All those on this list which put out BS (a month ago)about California not enforcing the new rules you and your broker contacts were wrong. 
My full report will be in an article in the March issue of the American Bee Journal.
In short many loads have been turned around for SHB! A load from New York was turned around for a single bag worm. One of the loads from Florida I write about in my article was turned for two DEAD SHB found on the truck bed.
Some loads are being allowed to enter but a 30 day hold is placed on the load while the load is treated for SHB which makes the load of no use for almond pollination if stopped this week or next.
Why would you enter to pay to have your load unloaded, pay for California to treat your hives, NOT GET MONEY FOR ALMOND POLLINATION, find another truck back, pay to have your hives reloaded and neted and sent back? Get the big picture?

California apiary inspection has dropped the ball and the whole situation is crazy!
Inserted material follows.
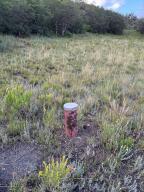 Tbd Mountain Flower Drive Property Photo 9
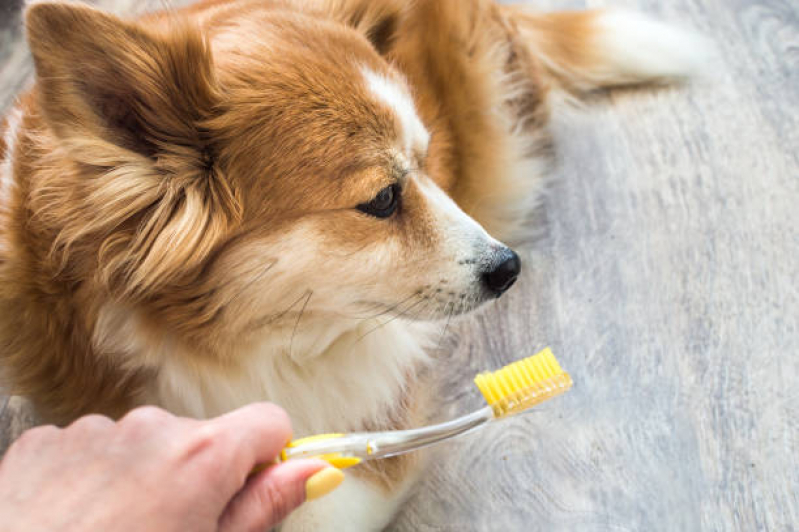 Limpeza de Tártaro em Cães Preço Jardim Esmeraldina - Limpeza Dentária Canina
All commercial out of state migratory beekeepers asked for was a clear explanation of the new rules and all they got was BS from the California apiary inspection dept!

It is what it is! I am not going to try and make the situation look better but only report the facts as they happened.

I have been directly involved with the problem. I was in Florida (have been on the road for a month) to document the first two loads being sent from Florida to California under the new certification process. You can read about the step by step process and the turning around of one load and the entry into California of the other in the March issue of ABJ.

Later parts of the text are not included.